Dark Shadows Not Too Bright for Me


I went to see the remake of Dark Shadows in the theater opening weekend and then caught it a second time as part of a double feature at a drive-in last weekend. I held off on writing a review initially, and sort of thought seeing it a second time might change my opinion of it - but it really didn’t. This film is a remake of the gothic soap opera (created by Dan Curtis) that ran on television from 1966 – 1971. It centers around a vampire named Barnabas Collins who is released from a coffin where he has been trapped for centuries by a witch named Angelique. He is reawakened in the year 1972 and must deal with Angelique, who is still making life miserable for the Collins family, and attempt to restore the family name in the town of Collinsport.

Tim Burton directed this film and it stars Johnny Depp as Barnabas Collins, Helena Bonham Carter as Dr. Julia Hoffman, Michelle Pheiffer as Elizabeth Collins and Eva Green as Angelique. It was written by Seth Grahame-Smith.

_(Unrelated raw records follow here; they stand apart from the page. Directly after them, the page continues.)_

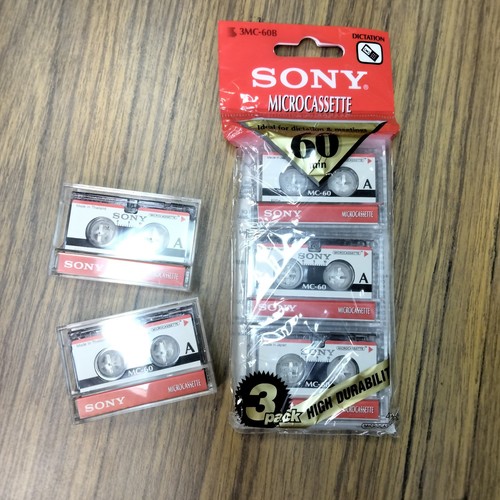 Sony microcassette tapes - microcassette, 5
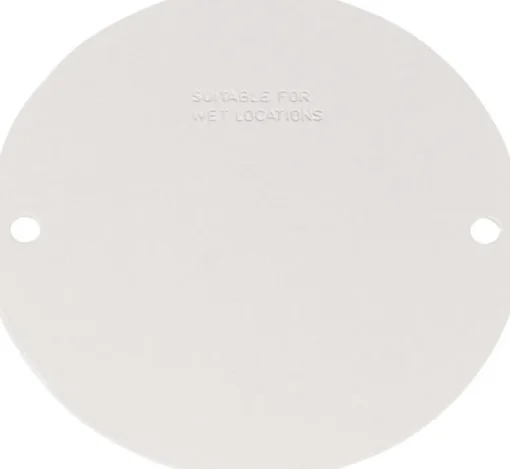 Sigma Engineered Solutions Round Stamped Steel 4.13 in. H X 4.13 in. W Flat Box Cover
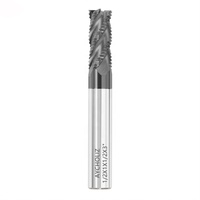 Fraise à bout en carbure monobloc de 12 mm pour l'usinage de métaux durs, d'acier laminé et d'alliages, outils d'usinage CNC en gros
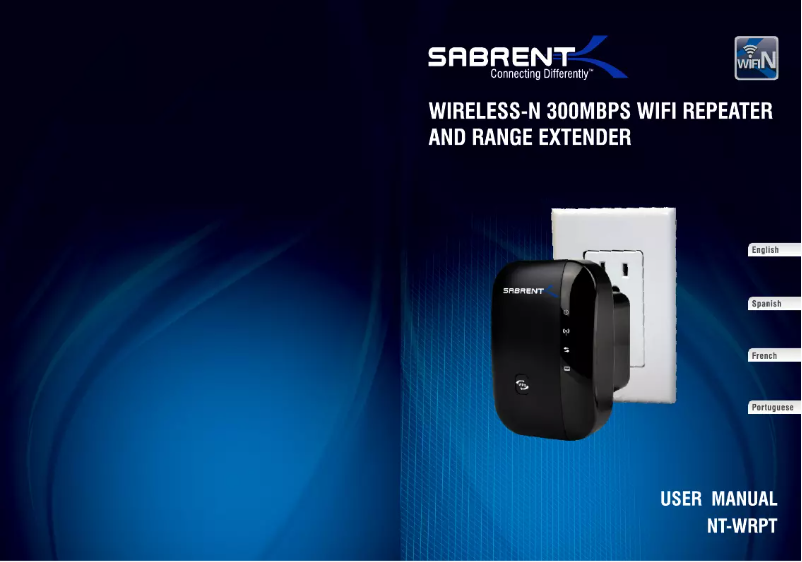 Page n°1 - Manuel utilisateur Sabrent NT-WRPT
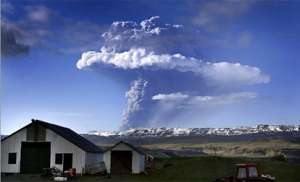 Извержение вулкана Гримсвотн. Фото: http://gidnews.com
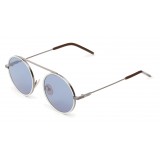 Fendi - Everyday - Ruthenium Rounded Sunglasses - Sunglasses - Fendi Eyewear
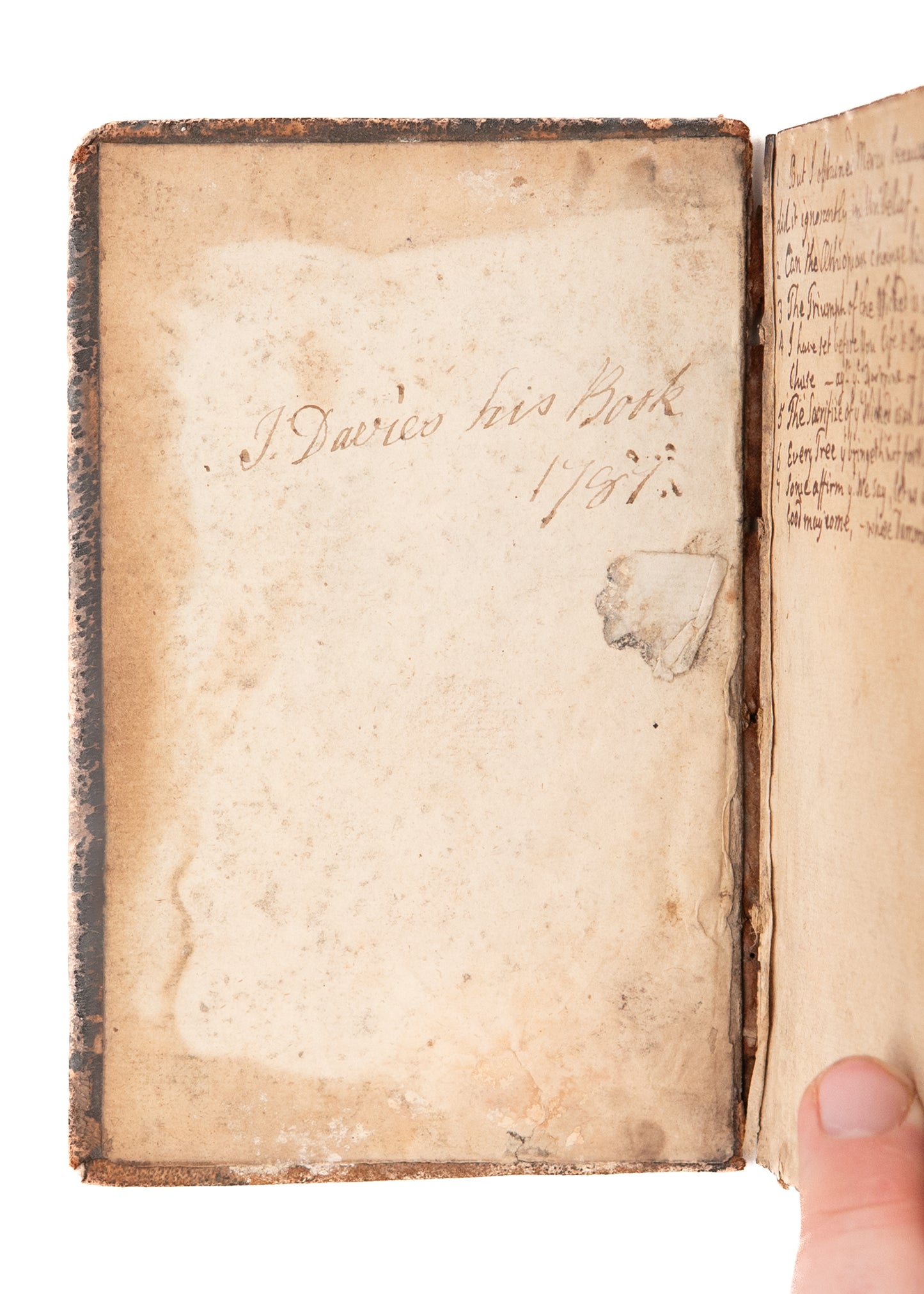 1787 WELSH GREAT AWAKENING. 266pp MSs Sermons on Devil's Devices - Great Awakening, Methodist, &c.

My biggest complaint with Dark Shadows is the tone of the film, turning a gothic drama into a light hearted black comedy. In this version Barnabas Collins is reduced to a two-dimensional character that too often serves only as a punch line to lame jokes. There is a trend in cartoons and films nowadays to make father figures idiots, and Dark Shadows follows suit, with Barnabas at one point stalking a lava lamp, slowly sneaking up on this inanimate object like a cat stalking prey. At another point (that was shown in the trailer) he sees someone singing on a television screen and rips the back off the set, shouting, “Tiny songstress reveal yourself!” Barnabas is a dimwit, much like Homer Simpson or Peter Griffin. He solves every problem with brute force, and is easily manipulated. The devious mastermind of Curtis’ series is reduced to a dumb brute - It is embarrassing, especially for anyone who has watched the original series. There are moments where Barnabas is truly scary, attacking and feeding on various townsfolk. But these scenes are offset with ridiculous moments of light hearted humor, and I’m not sure whether to blame Burton or screenwriter Grahame-Smith.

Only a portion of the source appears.